浄土真宗本願寺派が、京都市左京区吉田の土地建物を無償で提供し、更生保護会を設立。「財団法人西本願寺白光荘」の事業開始

◆昭和44年8月

老朽化に伴い、現在地に新築・移転

◆平成8年9月

更生保護法施行に伴い、「更生保護法人西本願寺白光荘」に組織変更

◆平成17年3月

老朽化に伴い改築、現施設竣工

◆平成17年5月

定員15名から20名に増員して事業再開

◆平成21年4月

自立困難な「高齢・障害」出所者等を保護する特別処遇施設に指定

◆令和2年12月

薬物依存回復訓練「SMARPP」が法務大臣の定める「特定援助」に認定

 

 

 


「おかえり」の一言が    欲しかっただけ・・・

「あんたなんか、帰ってこんほうがエエのに・・・。
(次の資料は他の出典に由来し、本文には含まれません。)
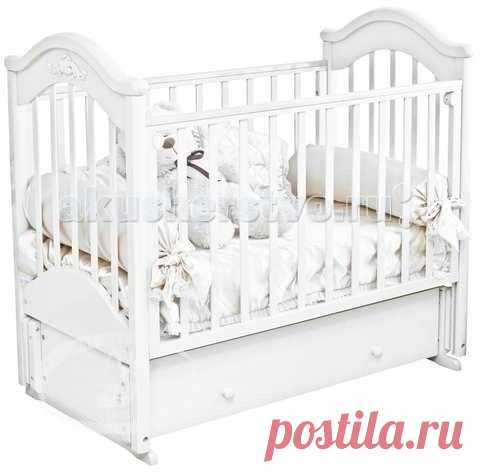 Детская кроватка Можга (Красная Звезда) Ефросинья С-554 (маятник продольный) купить Цена:21600 руб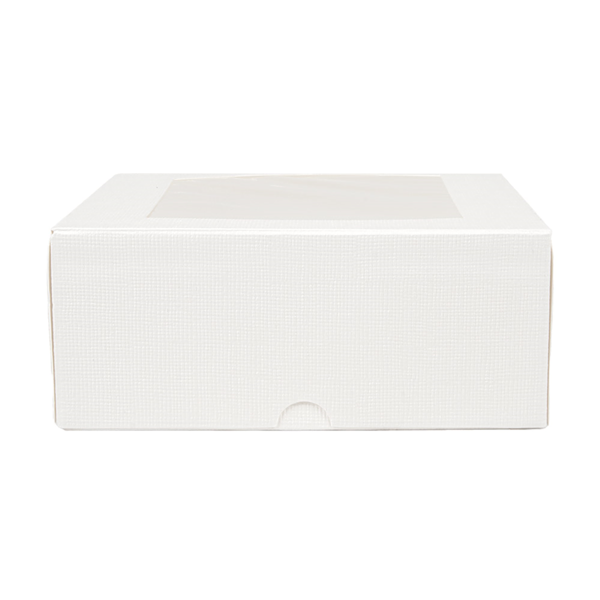 Garcia De Pou CAJAS PASTELERÍA CON VENTANA 'THEPACK' 250 G/M2 + OPP 18x18x7 5 CM BLANCO CARTÓN ONDULADO NANO-MICRO (200 UNID.)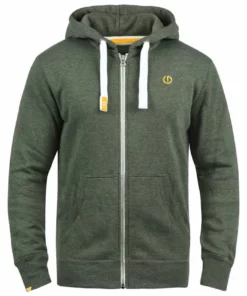 Solid SDBENNZIP - Sweat à Capuche Zippé - Olive 7 Solid SDBENNZIP - Sweat à Capuche Zippé - Olive -Promos Solid Magasin 443ac28f4dec44f698f353886821c97a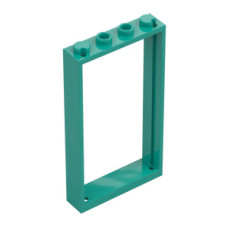 LEGO ajtókeret 1x4x6, sötét türkizkék (60596)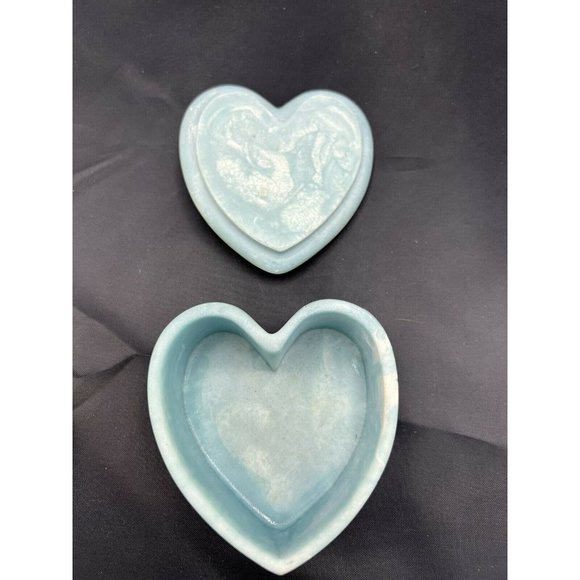 Set (3) Soapstone Jewelry Trinket Boxes Roses Blue Design Gifts Int’l 1974 Large - Picture 5 of 12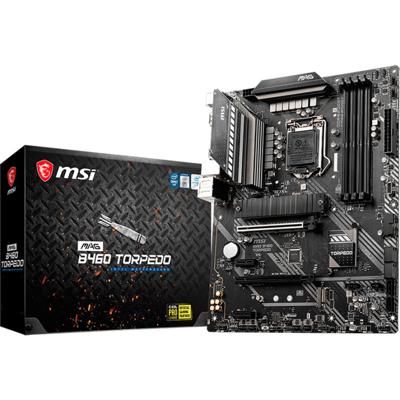 MAG B460 Torpedo - Moederbord - ATX - LGA1200 - B460 – Realtek RTL8125B 2.5G LAN – Realtek ALC1200 – USB 3.2 Gen 1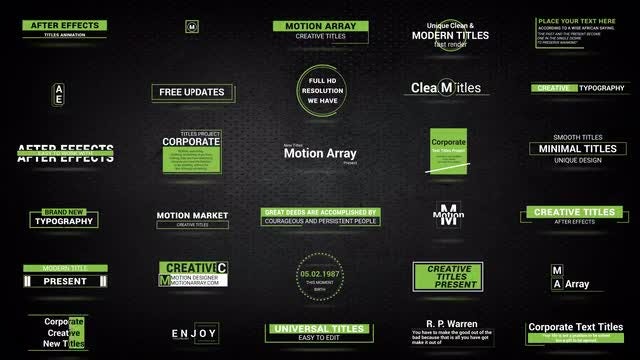 60 Lower Thirds: After Effects Templates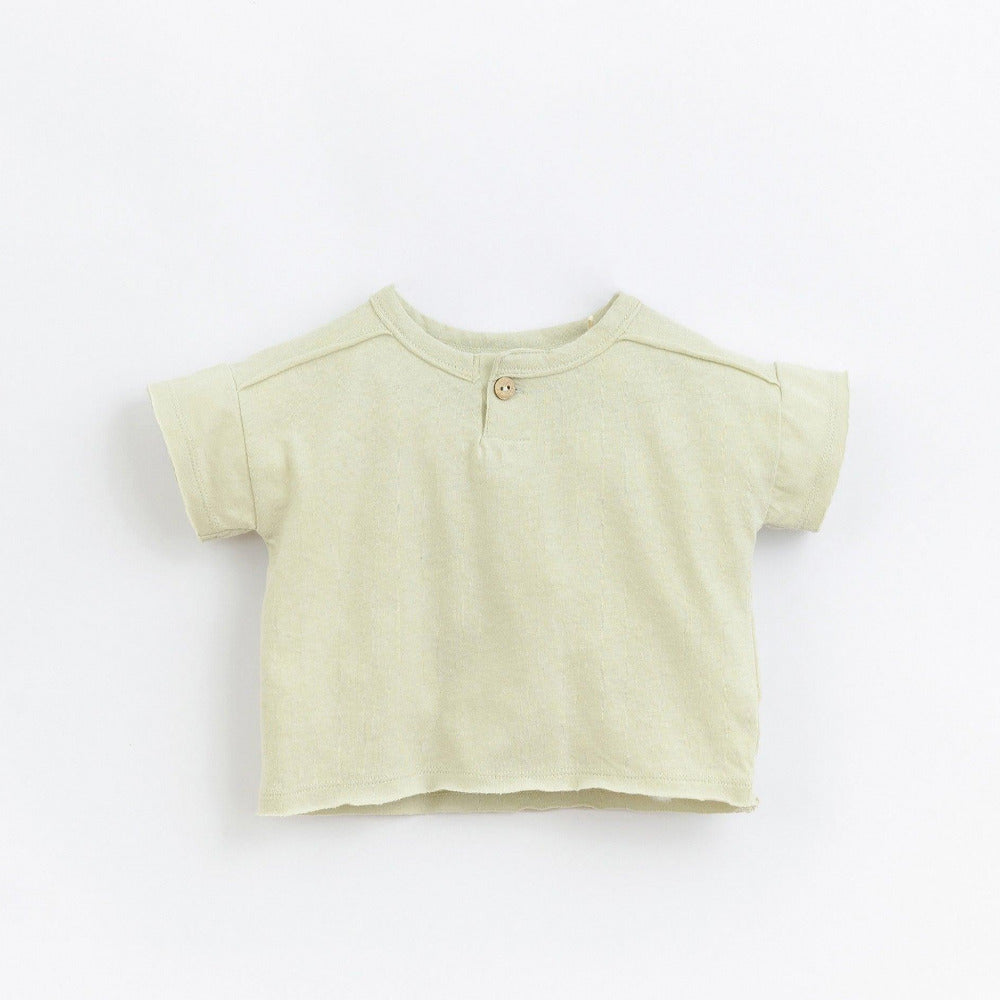 T-shirt com pormenor no ombro - chuvadeamor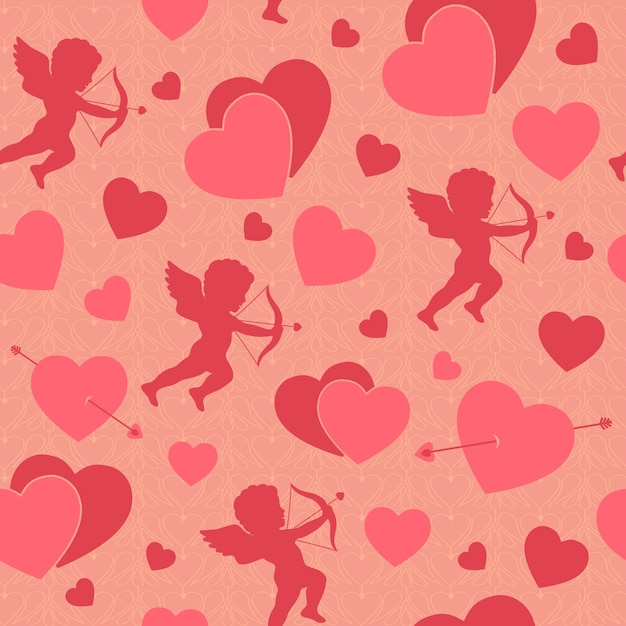 Free vector valentine's pattern design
あんたがいたら、家の中グシャグシャになるわ・・・」

少年院を仮退院したその日に、お母さんに言われた。わたしの居場所なんぁどこにもなかった。寂しかった。悔しかった。一年間過ごした少年院を出る時、『こんなに変わった私を見て!絶対がんばるから。信じて!』って心に誓っていた。大好きなお母さんにだけは、わかって欲しかったのに・・・。「おかえり」の一言が欲しかっただけやのに・・・。涙がこぼれそうになった。そのまま夜の街に飛び出した。